*** SUPPLIED ENTRIES Section Begins ***
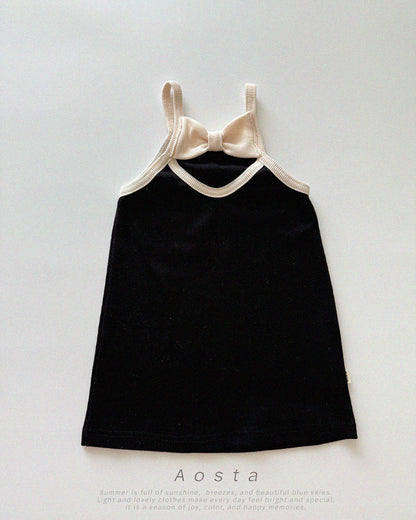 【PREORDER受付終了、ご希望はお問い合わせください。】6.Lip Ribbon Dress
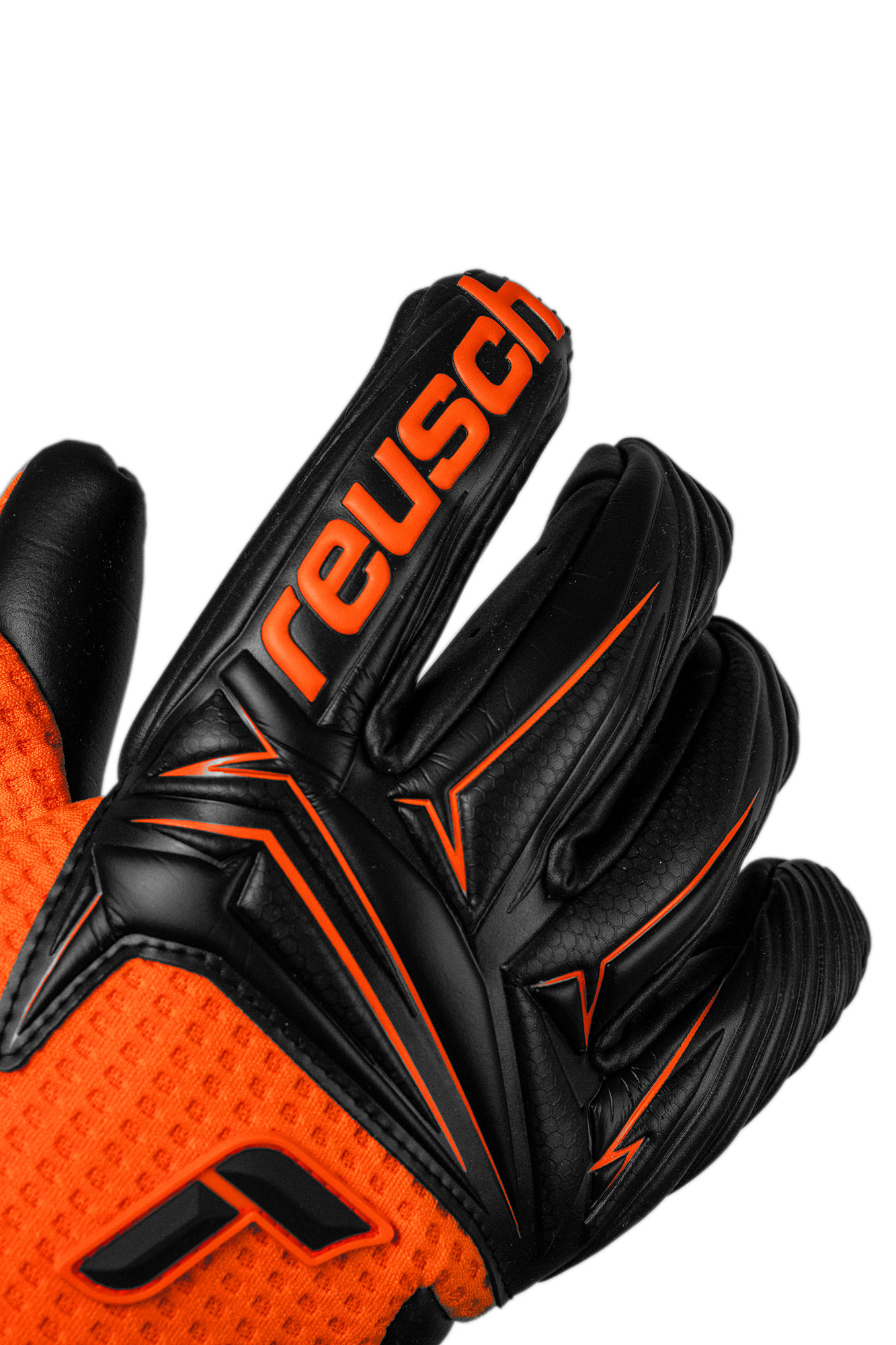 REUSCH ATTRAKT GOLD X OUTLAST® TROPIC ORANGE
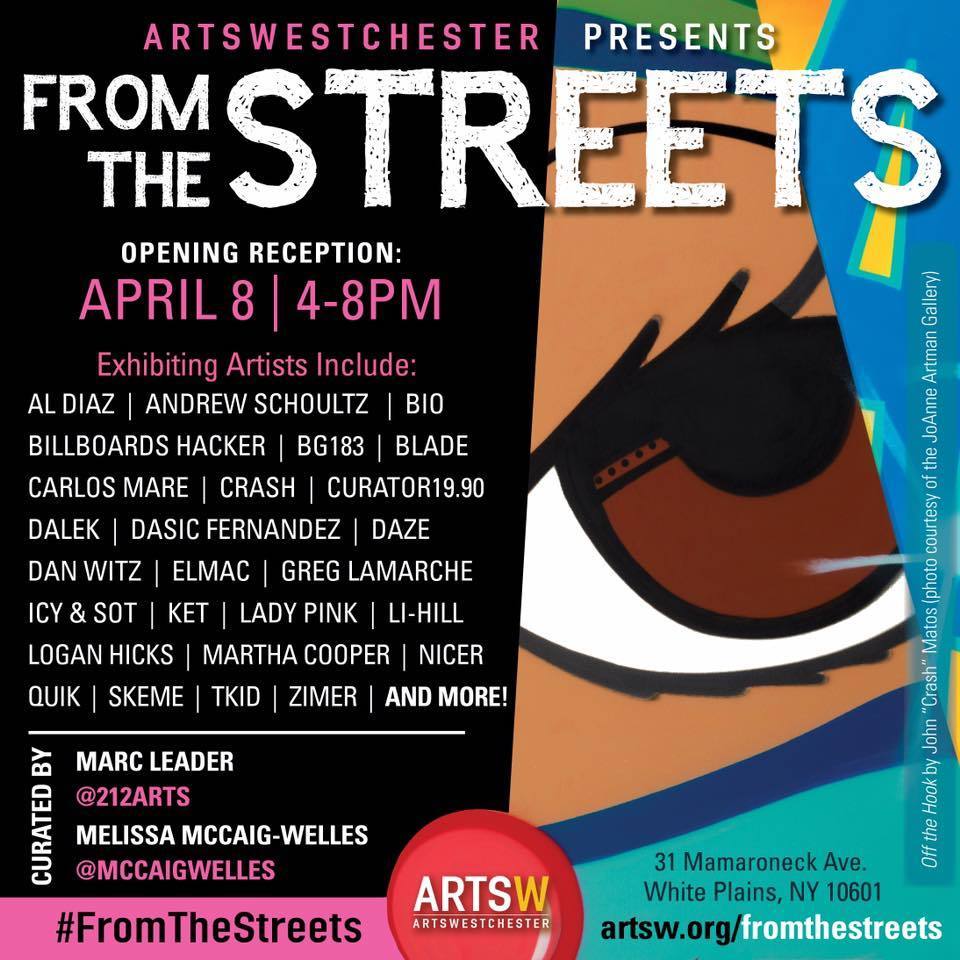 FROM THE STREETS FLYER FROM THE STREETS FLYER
*** SUPPLIED ENTRIES Section Ends ***
*** SUPPLIED ENTRIES Section Begins ***
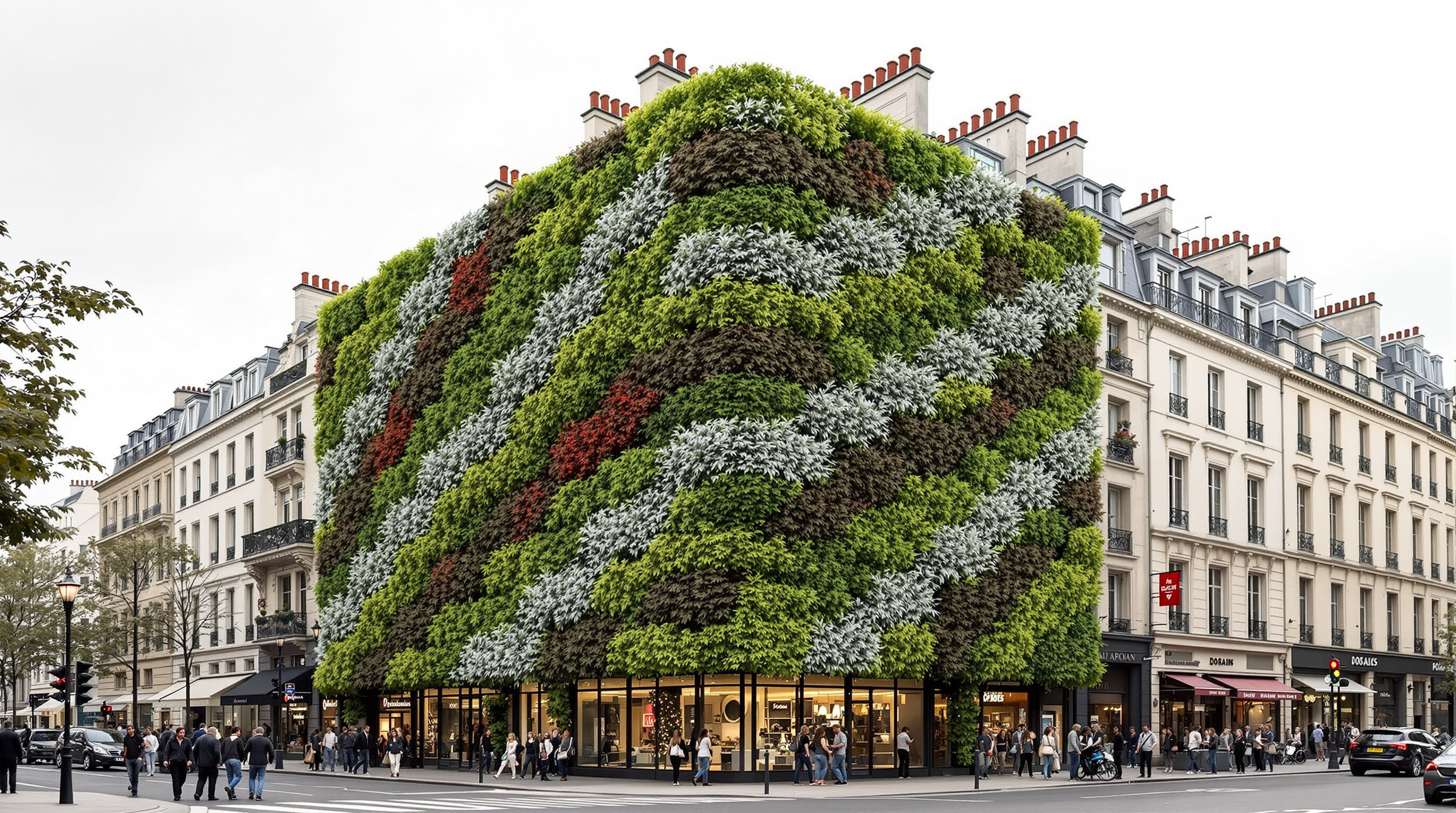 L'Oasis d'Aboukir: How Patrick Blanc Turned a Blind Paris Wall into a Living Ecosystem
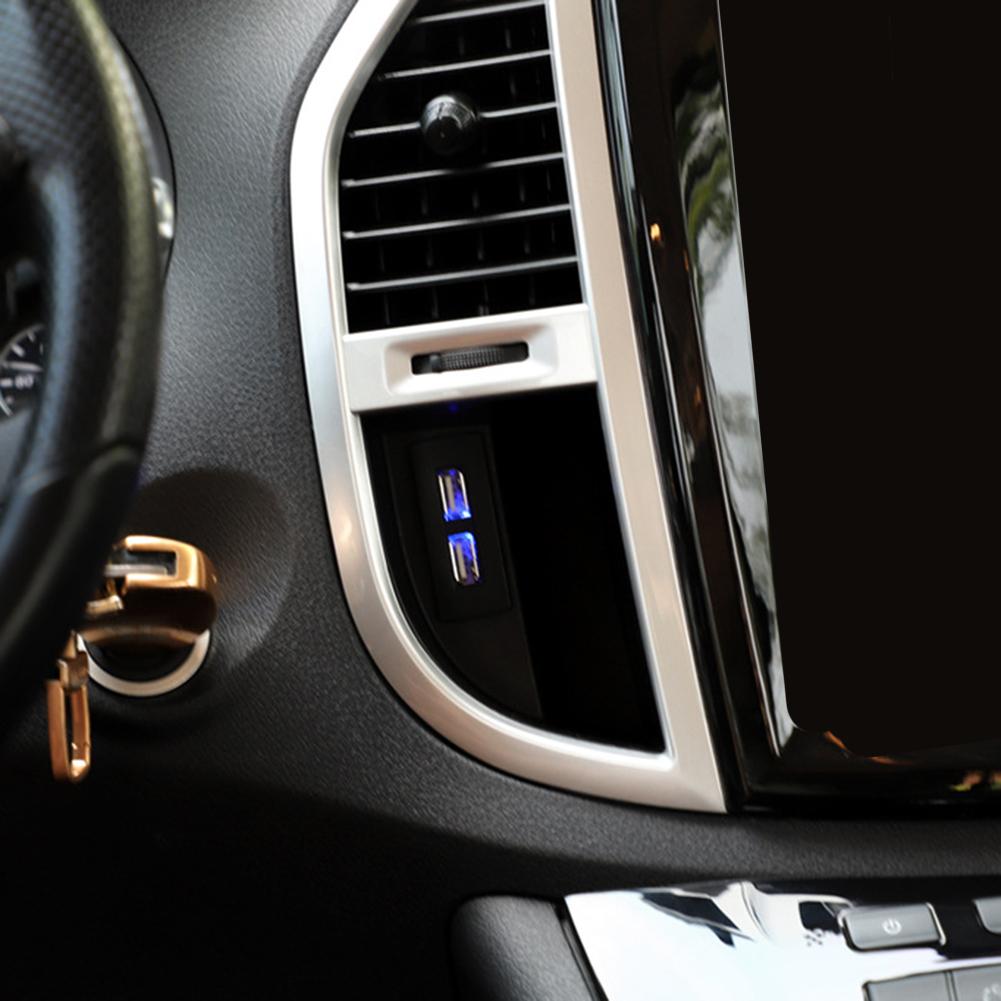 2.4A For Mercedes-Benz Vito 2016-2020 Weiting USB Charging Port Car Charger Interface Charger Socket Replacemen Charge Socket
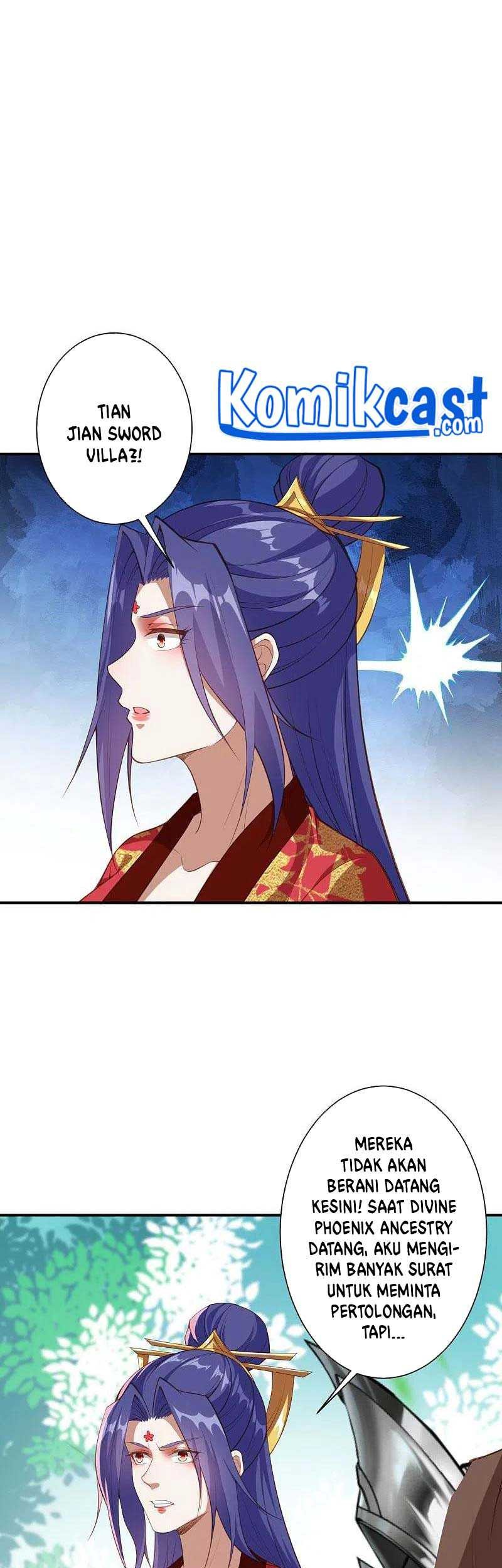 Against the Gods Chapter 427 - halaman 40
*** SUPPLIED ENTRIES Section Ends ***
*** SUPPLIED ENTRIES Section Begins ***
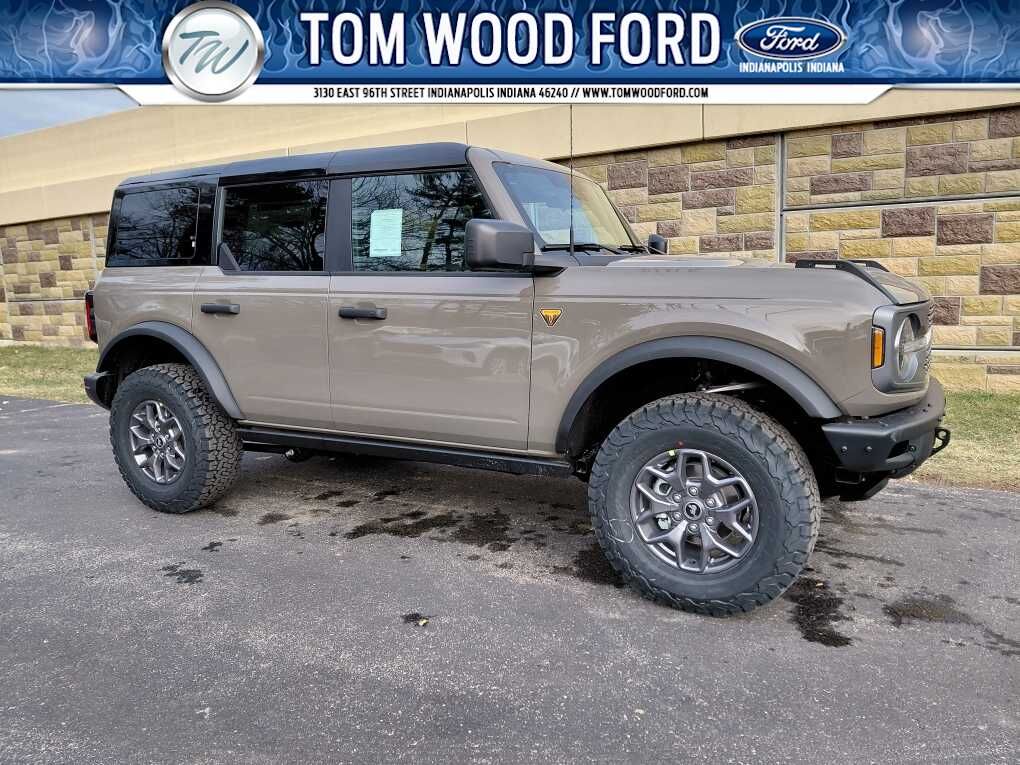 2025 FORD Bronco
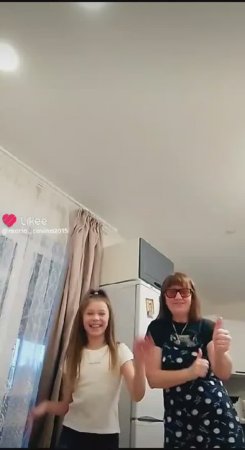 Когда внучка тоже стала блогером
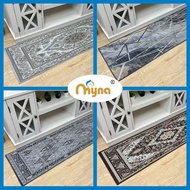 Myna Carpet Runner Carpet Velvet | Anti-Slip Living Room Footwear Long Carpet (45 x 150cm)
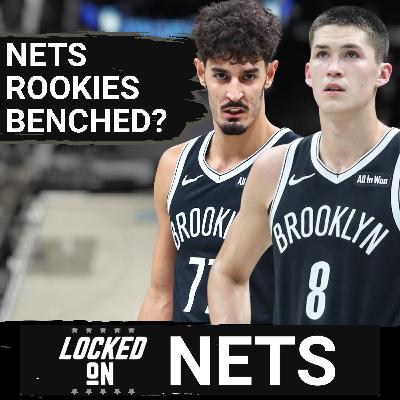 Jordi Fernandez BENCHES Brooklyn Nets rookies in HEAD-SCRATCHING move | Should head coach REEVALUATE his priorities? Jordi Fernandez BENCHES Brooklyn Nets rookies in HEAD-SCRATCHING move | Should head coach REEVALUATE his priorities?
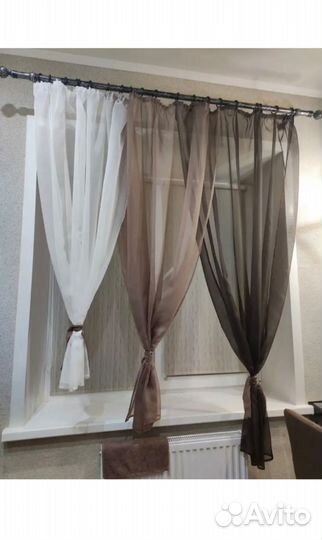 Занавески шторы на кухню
*** SUPPLIED ENTRIES Section Ends ***
Although pictures appear among the records above, write out exactly only the lines from the one that has "REUSCH ATTRAKT GOLD X OUTLAST® TROPIC ORANGE" through the one that has "FROM THE STREETS FLYER FROM", and leave the pictures out.

◆ TASK OUTPUT ◆
 REUSCH ATTRAKT GOLD X OUTLAST® TROPIC ORANGE
 FROM THE STREETS FLYER FROM THE STREETS FLYER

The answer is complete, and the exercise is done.